Lo cierto es que de la revista en cuestión
no pude desprenderme hasta devorarla de un tirón. Ciento cuarenta y seis
páginas de una pesquisa al más puro estilo Sherlock Holmes, donde una patología
de lo más extraña, querido Watson, hace de las suyas con la complicidad del
anonimato.
Me explico: ceguera facial, que es como se
llama la asesina en serie, consiste en un mal que pulveriza, que hace añicos la
humana particularidad de reconocer rostros. Así como lo lees, te coge por el
pescuezo semejante monstruo y hasta ahí llegaste compañero, entras de cabeza en
un mundo desconocido, imposible de identificar hasta en sus más íntimos
pliegues, ésos que tiempito atrás formaban parte de tu cotidianidad, de tus
afectos, casi que de tus entrañas. Tu madre, tu mujer, tus críos, tu abuelita o
tu mejor amiga van directo al hueco del inodoro. Apuesto cien a uno a que no
tenías puta idea sobre el asunto.
Total, que se me ocurrió de seguidas
practicar un ejercicio de extensión. Son ciegos quienes no ven, por supuesto:
Steve Wonder, José Feliciano o el señor que la otra vez cruzaba la calle con
sus lentes de sol guiado por un Collie amaestrado. Pero en verdad tú o aquel otro
o yo pulseamos la vida entera con tal oscuridad. Cualquiera que viste y calza
como el mejor de los videntes es un ciego mondo y lirondo aunque nunca se le
haya ocurrido siquiera imaginarlo.
Así como descubrí la ceguera para los
caretos, piensa en la gente que no ama y en esa otra que le pateó el culo a la
bondad. Date cuenta -menuda realidad que
a diario nos aplasta la nariz- de que el
mundo se llenó de ciegos para el sentido común o para cuando menos olfatear esa
cosa pastosa que llamamos lógica cotidiana. Embusteros compulsivos, mitómanos
al por mayor, inventores de una realidad inexistente, hay de todo. Busca por
los alrededores y verás cómo saltan los conejos: invidentes para el placer
sexual -léase: anorgásmicos de toda ralea-, cegatos para la belleza, es decir,
impedidos estéticos, etcétera, etcétera, etcétera. ¿Me comprendes Méndez? Quién
lo iba a decir, todos los males habidos y por haber bebiendo de la misma fuente
pestilente, esa venda en los ojos que alguien dejó puesta justo en el ganglio
adecuado para activar el horror hecho totalidad.

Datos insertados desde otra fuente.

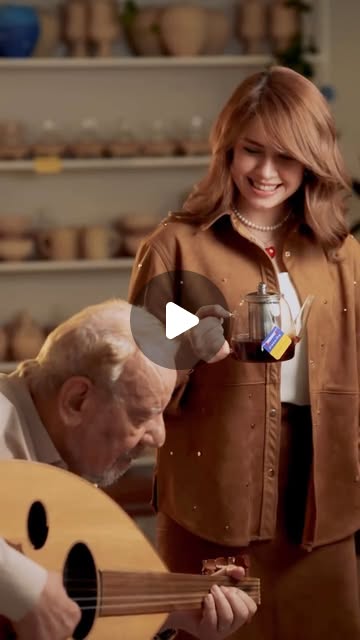 Cihan FMCG influencer video 2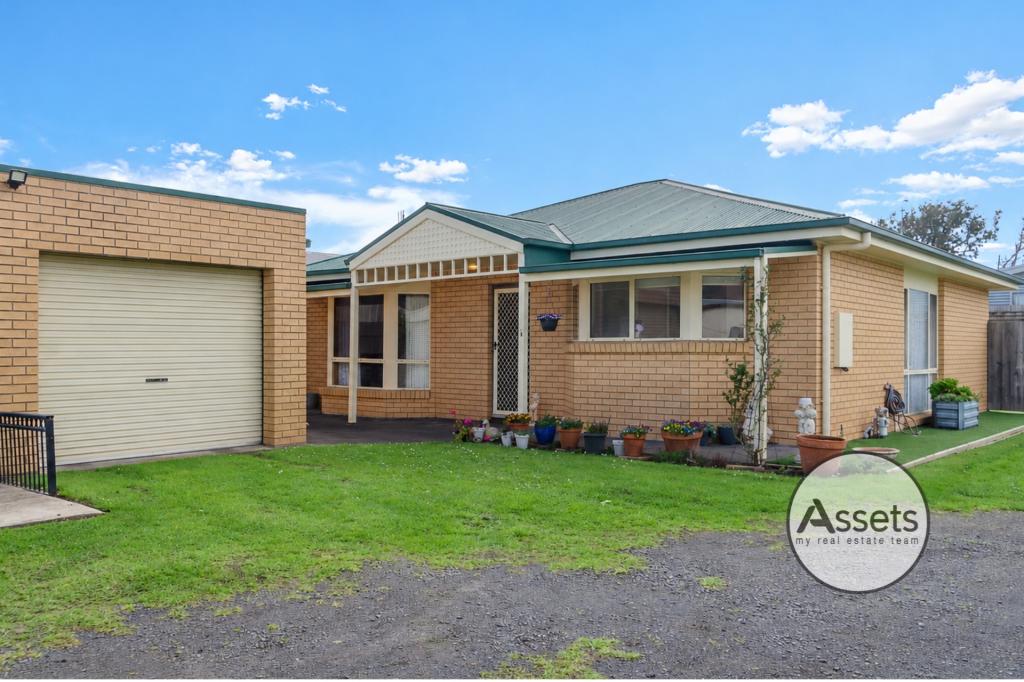 44b Gawler St, Portland, VIC 3305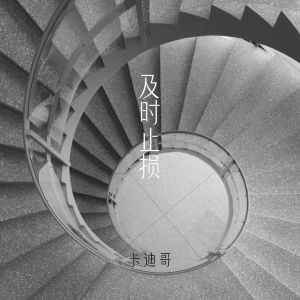 卡迪哥的专辑及时止损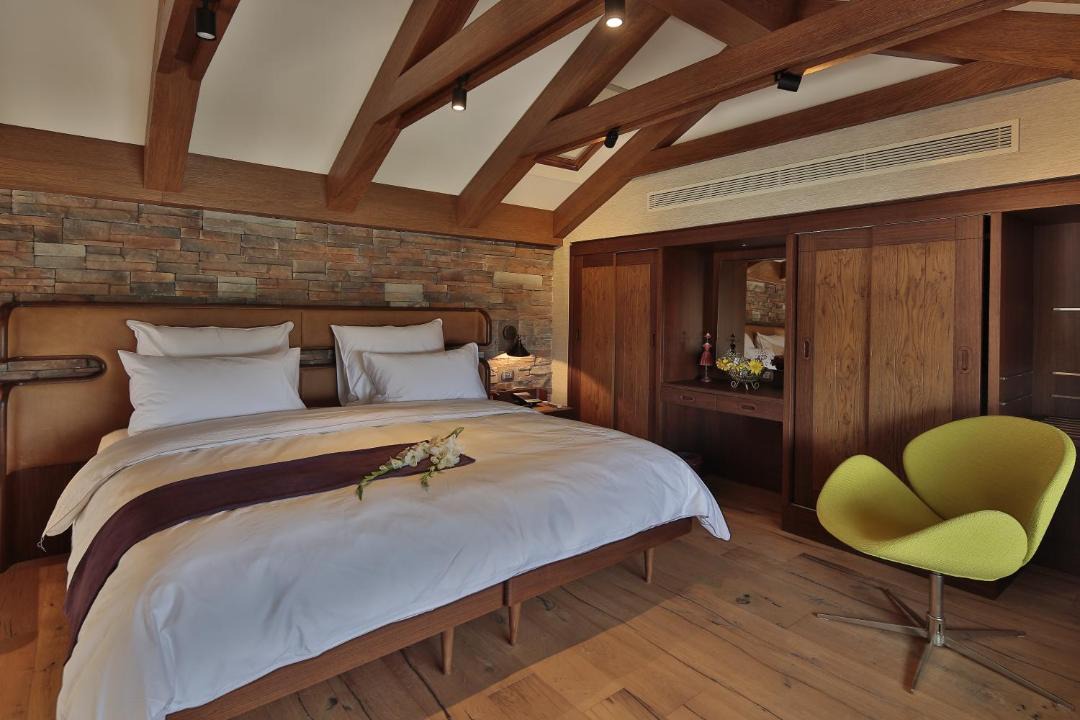 Photo of Bedroom in Uchisar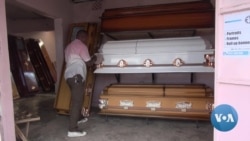 Pandemic Closes, Repurposes Kenya's Private Schools 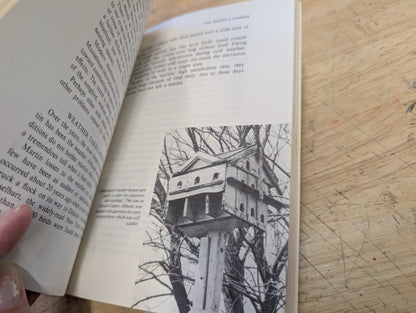 What you should know about the purple Martin by JL. Wade America's most wanted Bird 1971 third printing
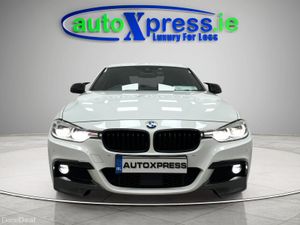 BMW 3-Series 2.0 Diesel, Reversing camera, Automat - Image 3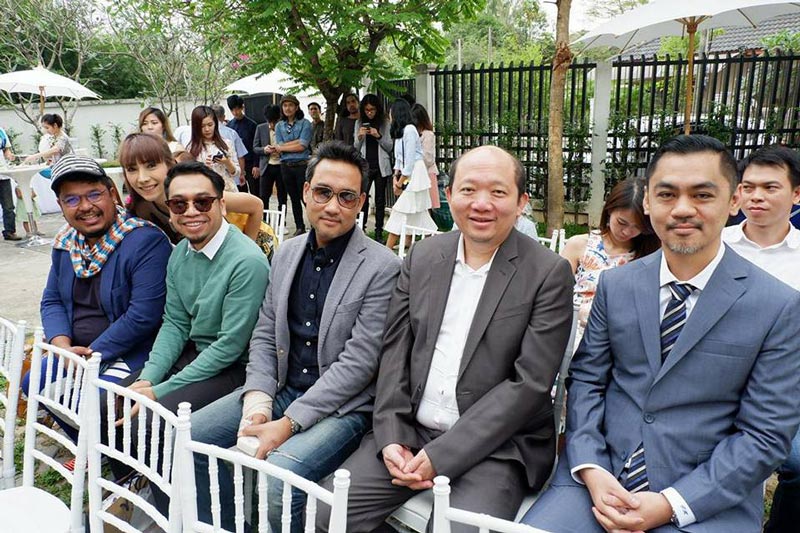 มน Room39 แต่งงาน มน Room39 แต่งงาน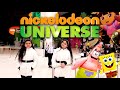 Nickelodeon Universe at American Dream Mall, NJ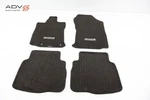 2025 Subaru Outback Floor Carpet Liner Mat Oem -set Of 4-. Fixed Price $79.99.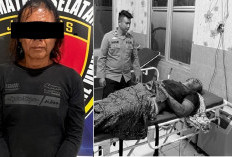 Buron, Ayah yang Ikut Keroyok dan Bacok Rival Putranya Hingga Tewas Akhirnya Tertangkap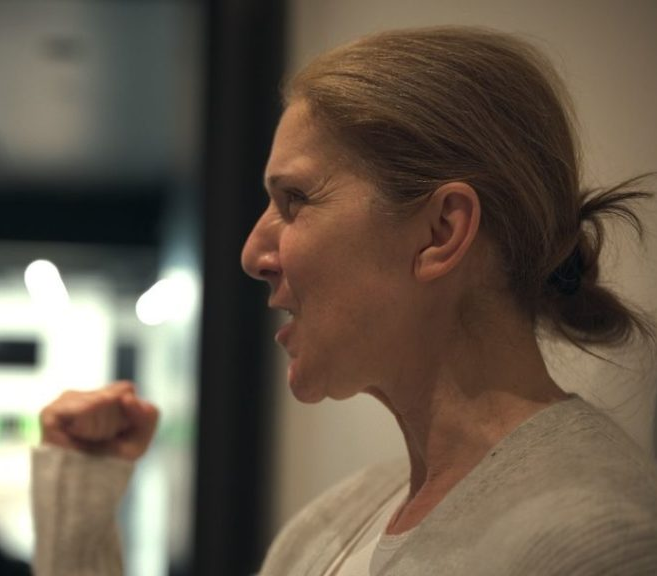Voici la date du documentaire qui abordera le combat de Céline Dion contre la maladie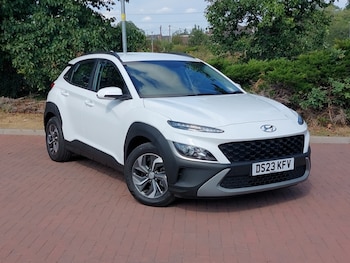 2023 - 1.6 GDi Hybrid SE Connect 5dr DCT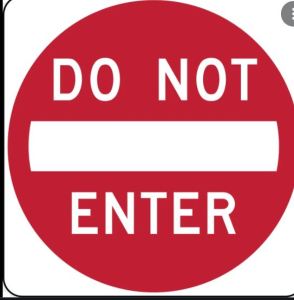 warning 2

Todos somos unos ciegos redomados. Apenas
medio vemos, apenas vislumbramos a un palmo de nuestras narices gracias a que
aún no nos ponen el parche sobre el nervio justo. Ya la puntería del
francotirador hará de las suyas y al demonio el mecanismo para percibir cierta
alegría, algún sentido de justicia, la sensualidad más arrebatadora y, en fin,
agrégale después lo que te venga en gana. La ceguera es nuestro santo y seña,
no faltaba más. Jamás lo hubiese sospechado.